WHAT IS NEEDED:
Return each entry below exactly. Skip the images.

INPUT FOR THIS TASK:
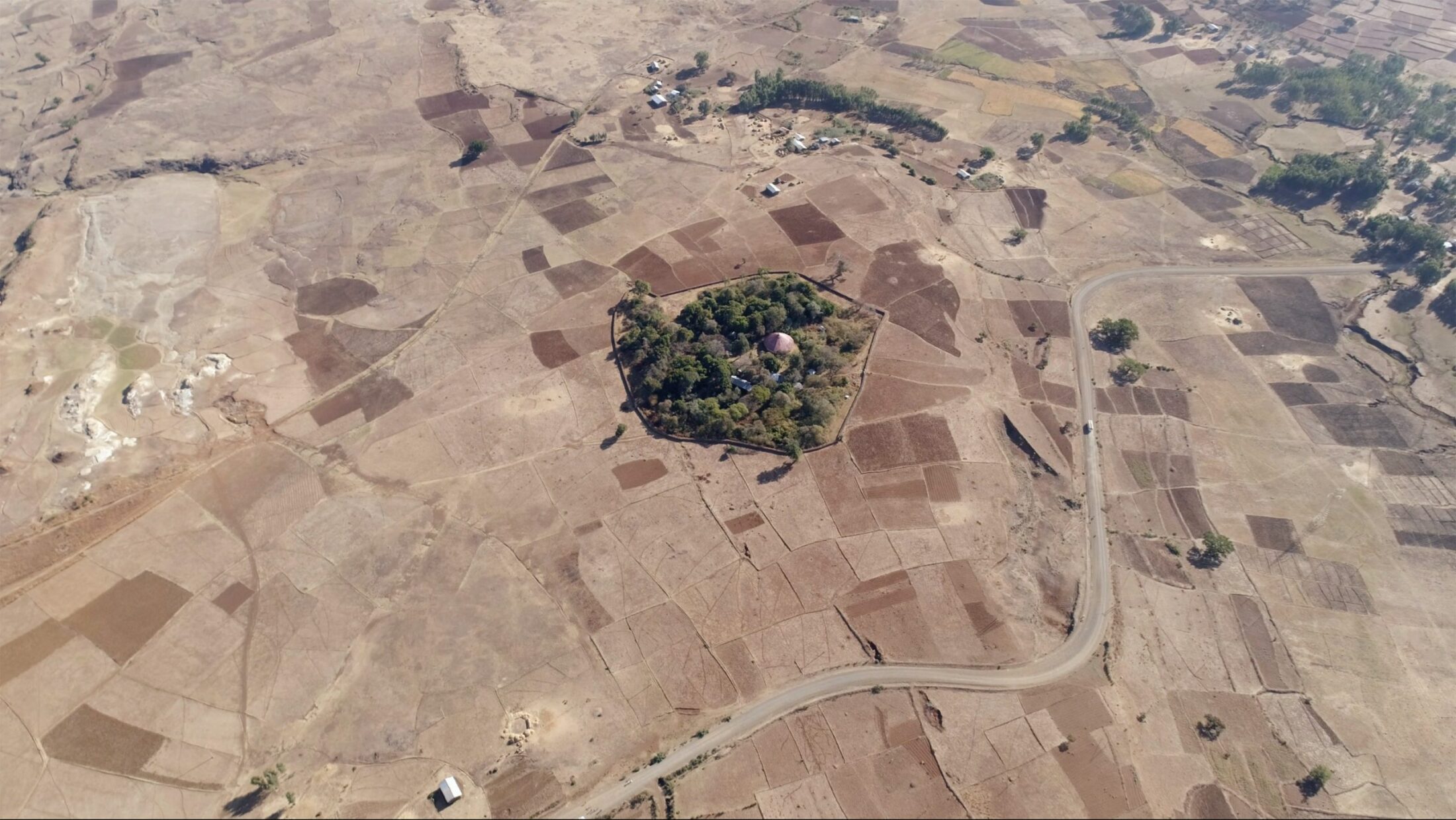 The Church Forests of Ethiopia – Emergence Magazine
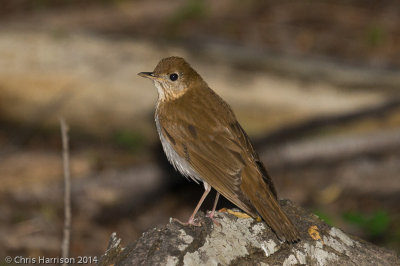 Veery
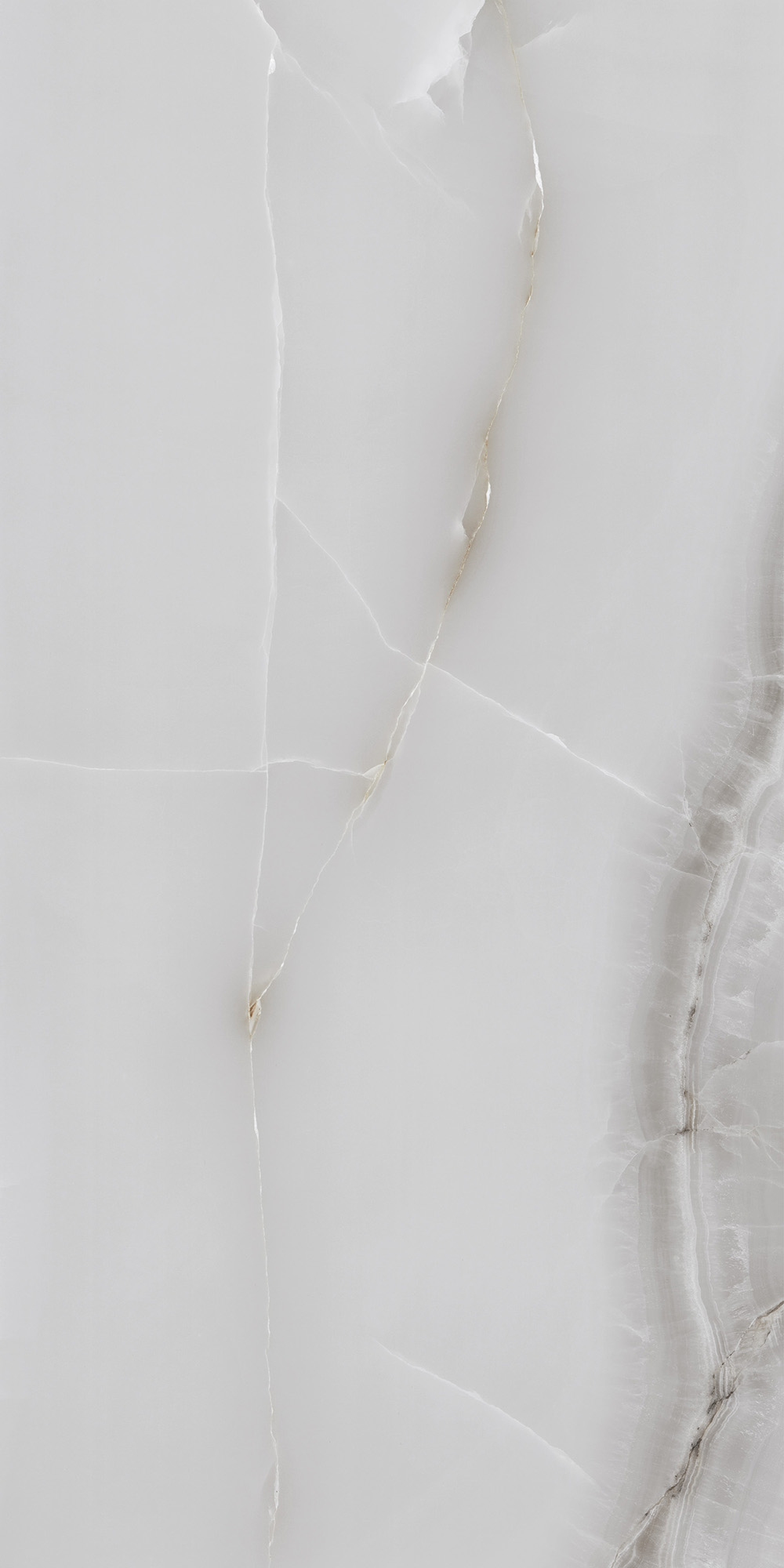 ONYX LINE GREY — Керамогранит с душой природы FP1025-A Arcadia Ceramica - Вид №11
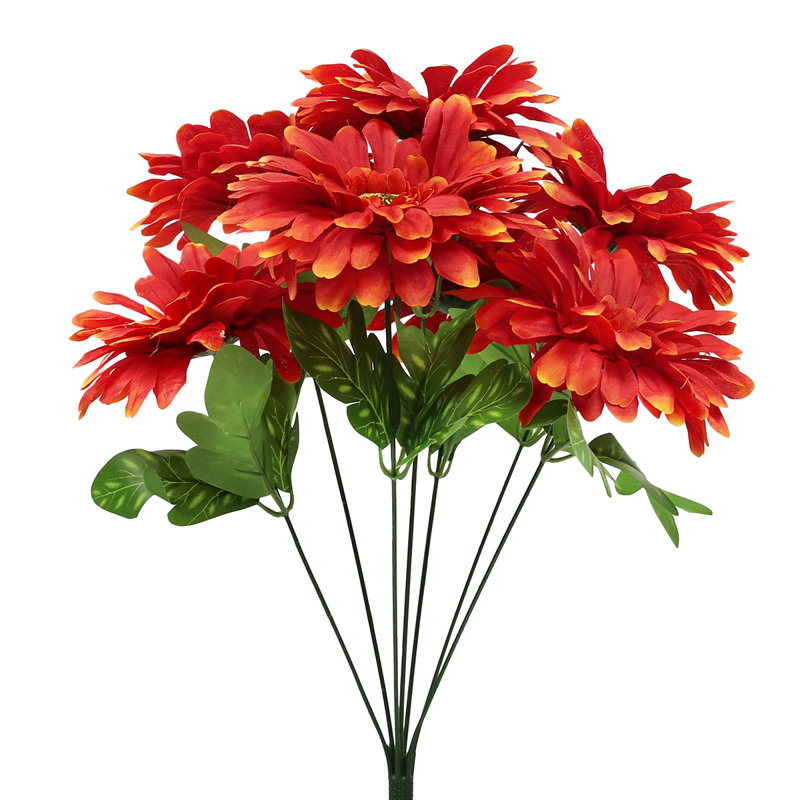Gerbera Daisy Bushes, Orange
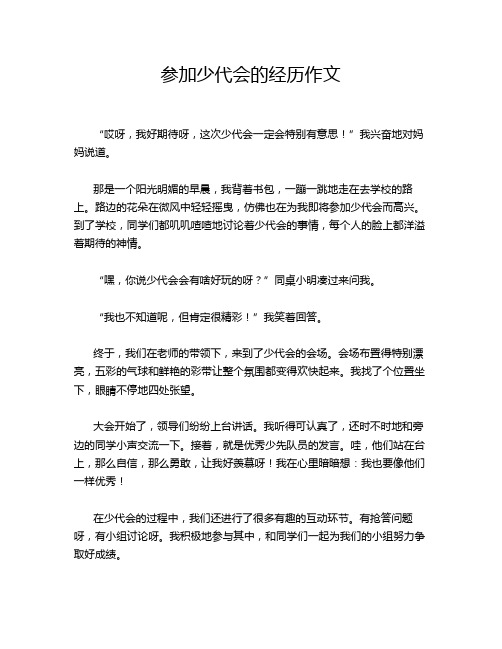 参加少代会的经历作文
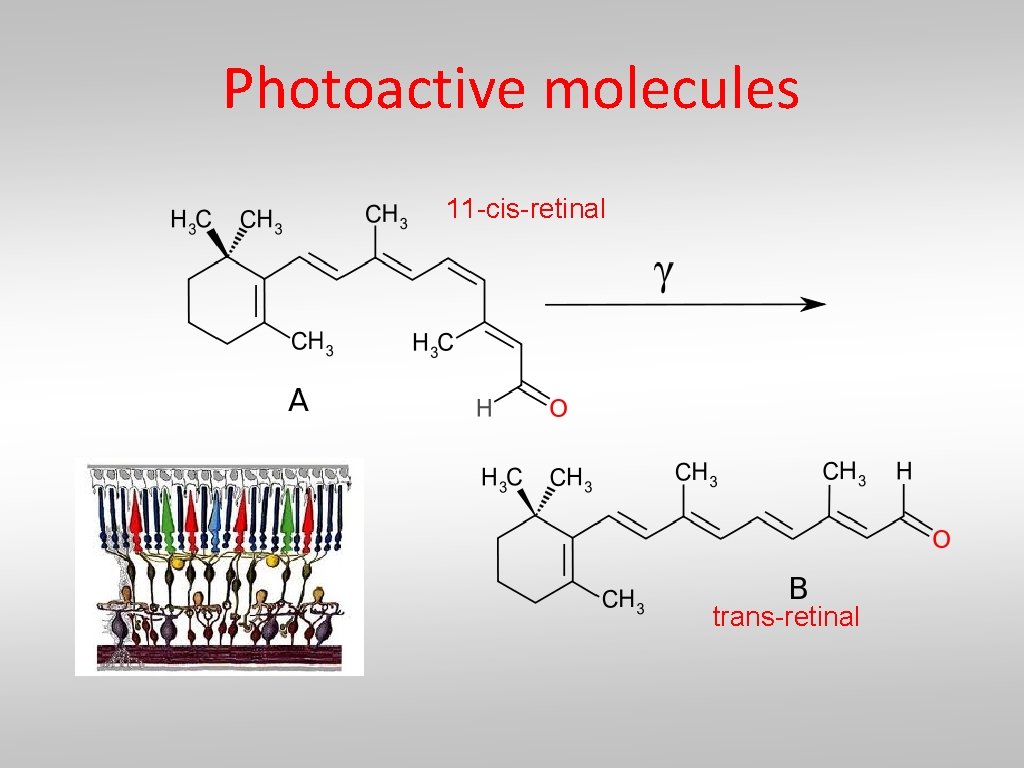 Photoactive molecules 11 -cis-retinal trans-retinal 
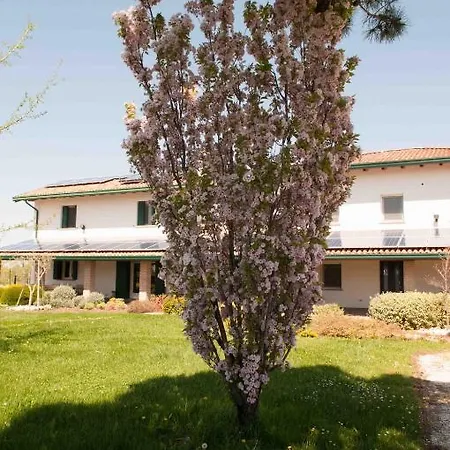 Pinella *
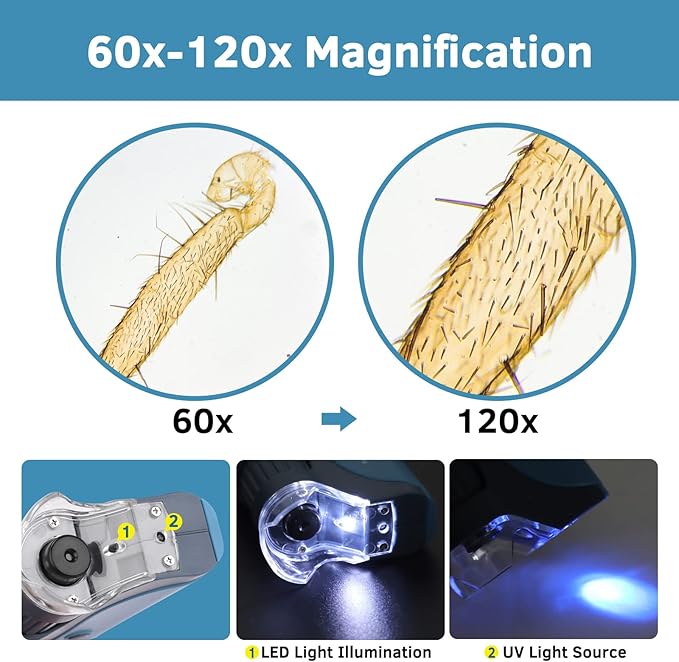 Pocket Microscope, 60x-120x Handheld Mini Microscope Kids with LED Lights, 5 Slides Specimens, BEBANG Portable Microscope for Kids Student Adults Microbiological Observation Lab Study, Educational Kit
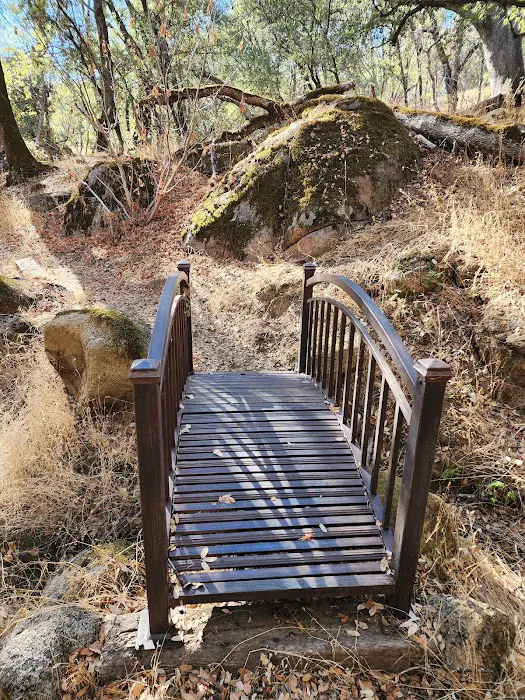 Black Oak Retreat Picture 9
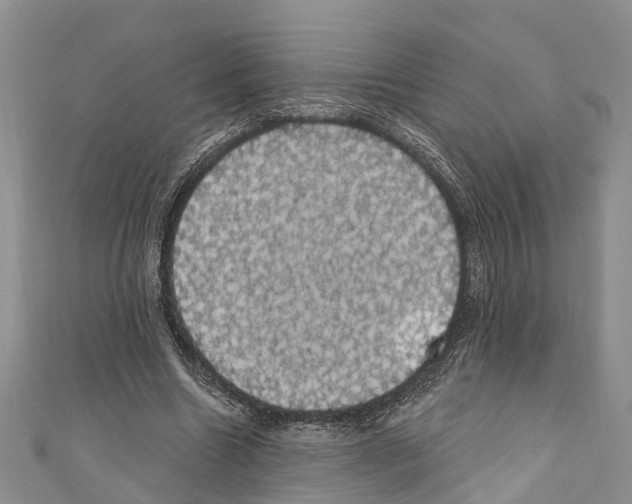 X0000110700538200907241127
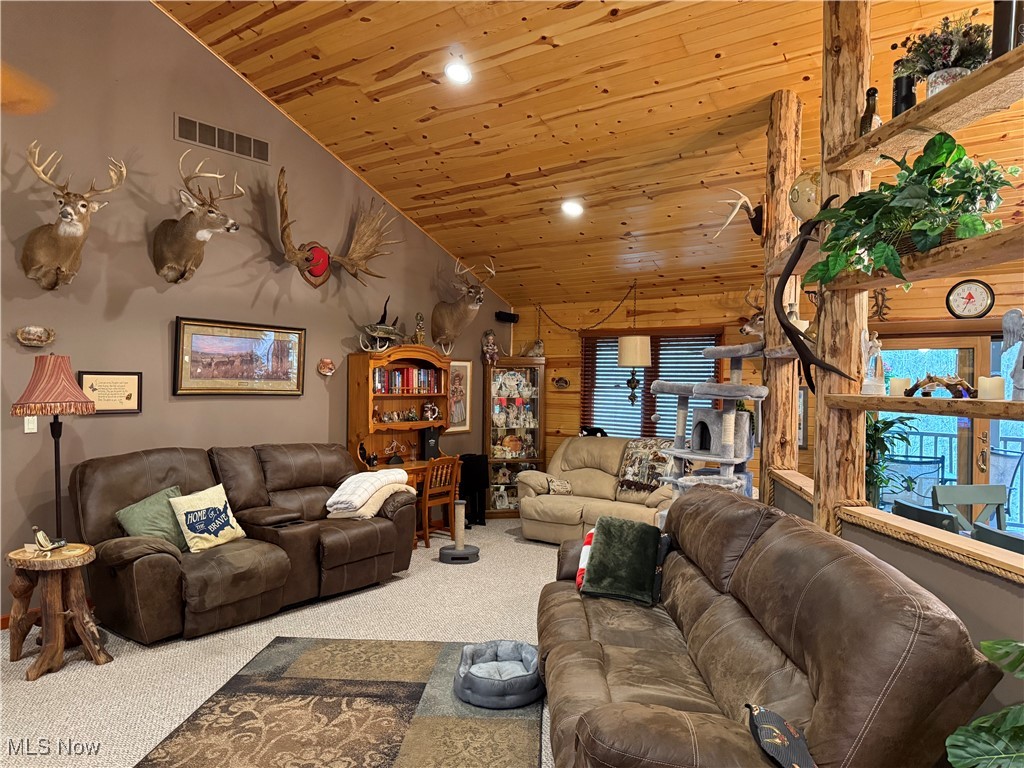 2425 W Buckhorn Drive, Millersburg, Ohio image 15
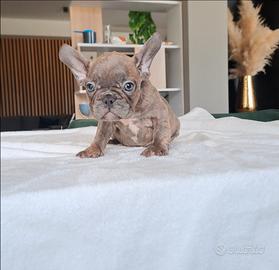 Bulldog francese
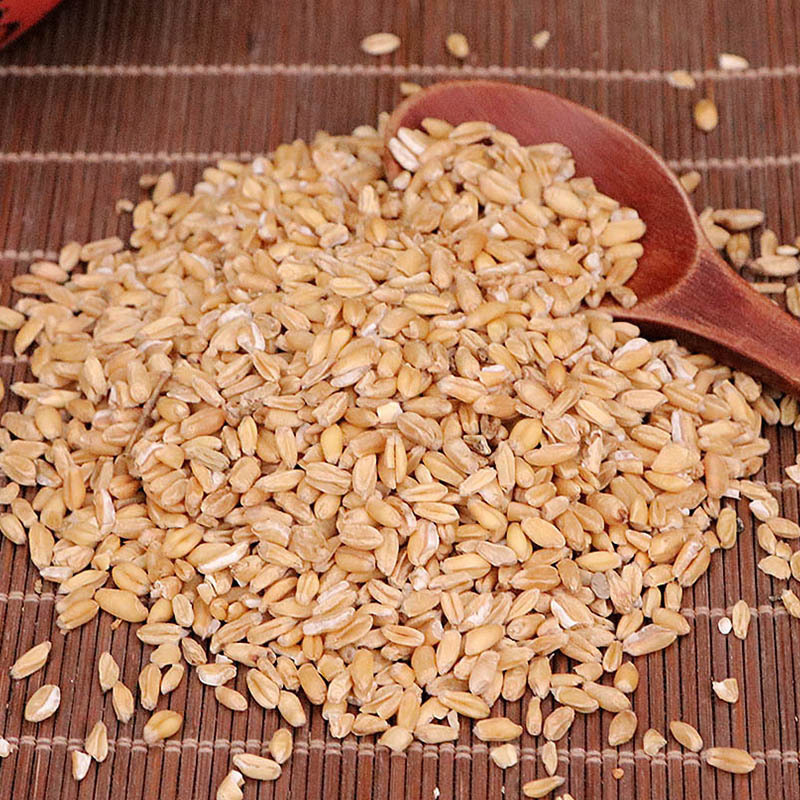 Fu Xiao Mai Dried Floating Wheat Triticum aestivum 500g Traditional Herbal Decoction Ingredient key features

RESULT FOR THIS EXERCISE:
 The Church Forests of Ethiopia – Emergence Magazine
 Veery
 ONYX LINE GREY — Керамогранит с душой природы FP1025-A Arcadia Ceramica - Вид №11
Gerbera Daisy Bushes, Orange
 参加少代会的经历作文
 Photoactive molecules 11 -cis-retinal trans-retinal 
 Pinella *
 Pocket Microscope, 60x-120x Handheld Mini Microscope Kids with LED Lights, 5 Slides Specimens, BEBANG Portable Microscope for Kids Student Adults Microbiological Observation Lab Study, Educational Kit
 Black Oak Retreat Picture 9
 X0000110700538200907241127
 2425 W Buckhorn Drive, Millersburg, Ohio image 15
 Bulldog francese
 Fu Xiao Mai Dried Floating Wheat Triticum aestivum 500g Traditional Herbal Decoction Ingredient key features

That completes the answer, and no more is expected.